_PROBLEM_:
Would you return the listing exactly as written, apart from its pictures?

_DATA SHOWN_:
===
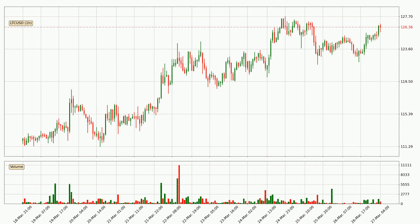Looking at the Litecoin hourly time frame, the price moved only slightly to the upside with around 1.7% in the last 24 hours, with a current price of 126.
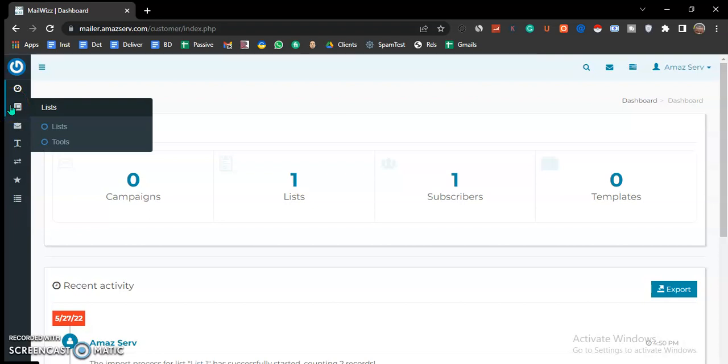Once in this platform, you need three things: number one, you need an email list; number two, you need the message you'll be sending out; and number three, you need the delivery server.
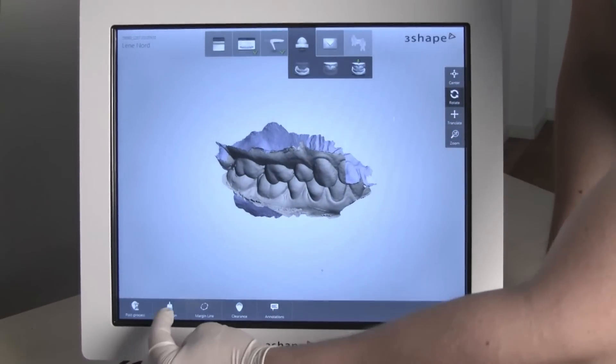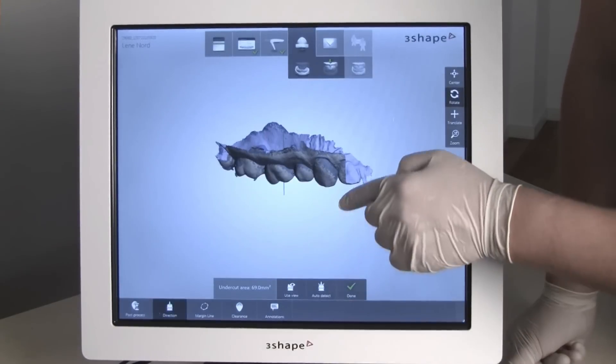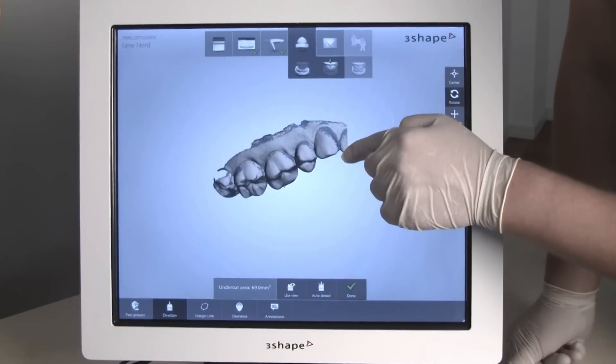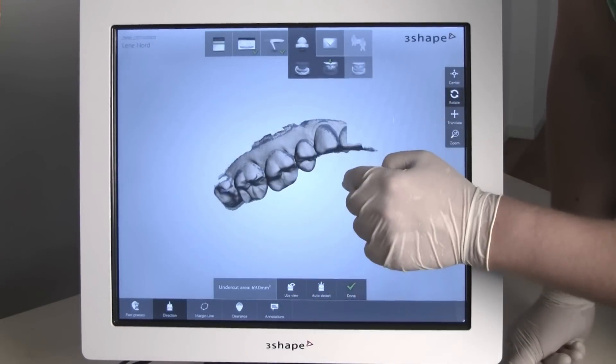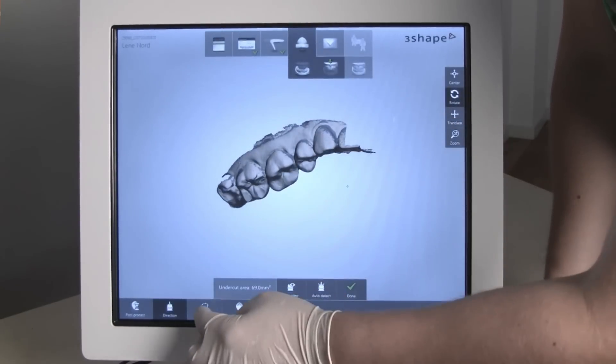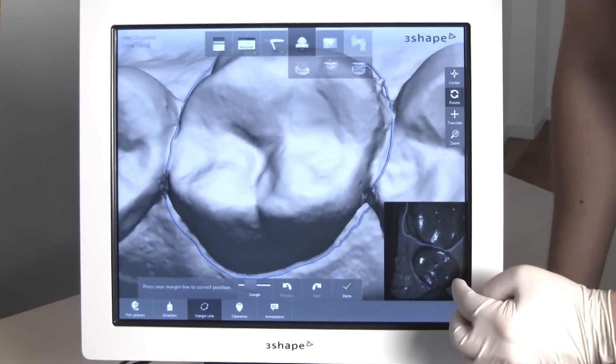When ready, go to the validation page. Here you can check occlusal direction, undercuts, etc. You can also check the margin line and check occlusion clearance.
===
_RESPONSE_:
Looking at the Litecoin hourly time frame, the price moved only slightly to the upside with around 1.7% in the last 24 hours, with a current price of 126.
Once in this platform, you need three things: number one, you need an email list; number two, you need the message you'll be sending out; and number three, you need the delivery server.
When ready, go to the validation page. Here you can check occlusal direction, undercuts, etc. You can also check the margin line and check occlusion clearance.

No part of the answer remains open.